Mozilla Firefox Quantum

  • Can the new Firefox Quantum regain its web browser market share?
    When Firefox was introduced in 2004, it was designed to be a lean and optimized web browser, based on the bloated code from the Mozilla Suite. Between 2004 and 2009, many considered Firefox to be the best web browser, since it was faster, more secure, offered tabbed browsing and was more customizable through extensions than Microsoft’s Internet Explorer. When Chrome was introduced in 2008, it took many of Firefox’s best ideas and improved on them. Since 2010, Chrome has eaten away at Firefox’s market share, relegating Firefox to a tiny niche of free software enthusiasts and tinkerers who like the customization of its XUL extensions. According to StatCounter, Firefox’s market share of web browsers has fallen from 31.8% in December 2009 to just 6.1% today.
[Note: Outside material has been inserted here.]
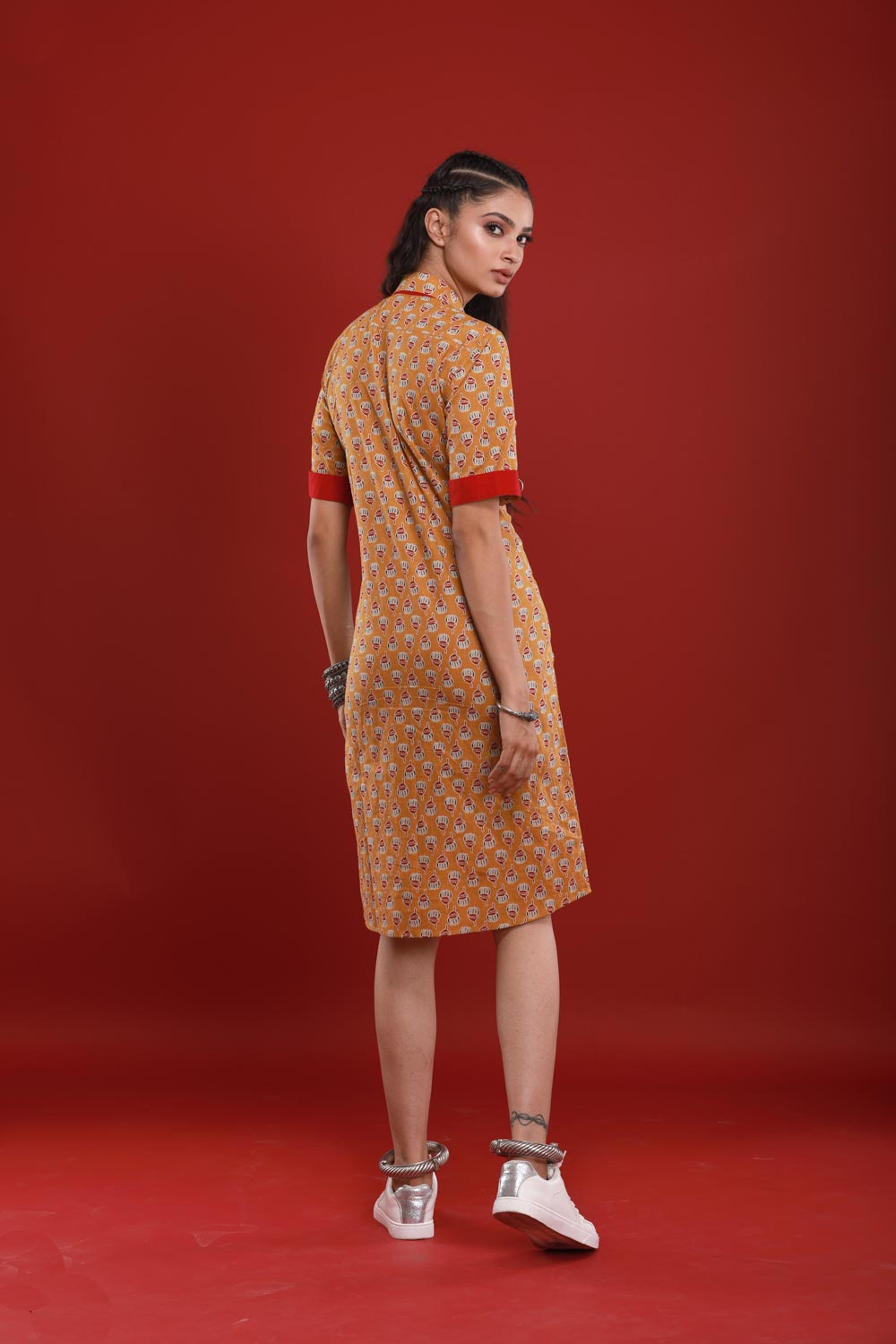 Hand Screen Printed Heart Collar Shirt Dress Aapro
Firefox can take comfort in the fact that it is now virtually tied with its former arch-nemesis, Internet Explorer and its variants. All of Microsoft’s browsers only account for 6.2% of current web browsing according to StatCounter. Microsoft has largely been replaced by Google, whose web browsers now controls 56.5% of the market. Even worse, is the fact that the WebKit engine used by Google now represents over 83% of web browsing, so web sites are increasingly focusing on compatibility with just one web engine. While Google and Apple are more supportive of W3C and open standards than Microsoft was in the late 90s, the web is increasingly being monopolized by one web engine and two companies, whose business models are not always based on the best interests of users or their rights.
  • Firefox Nightly Adds CSD Option
    I’ve said it before and I’ll say it again: Firefox 57 is awesome — so awesome that I’m finally using it as my default browser again. But there is one thing it the Linux version of Firefox sorely needs: client-side decoration.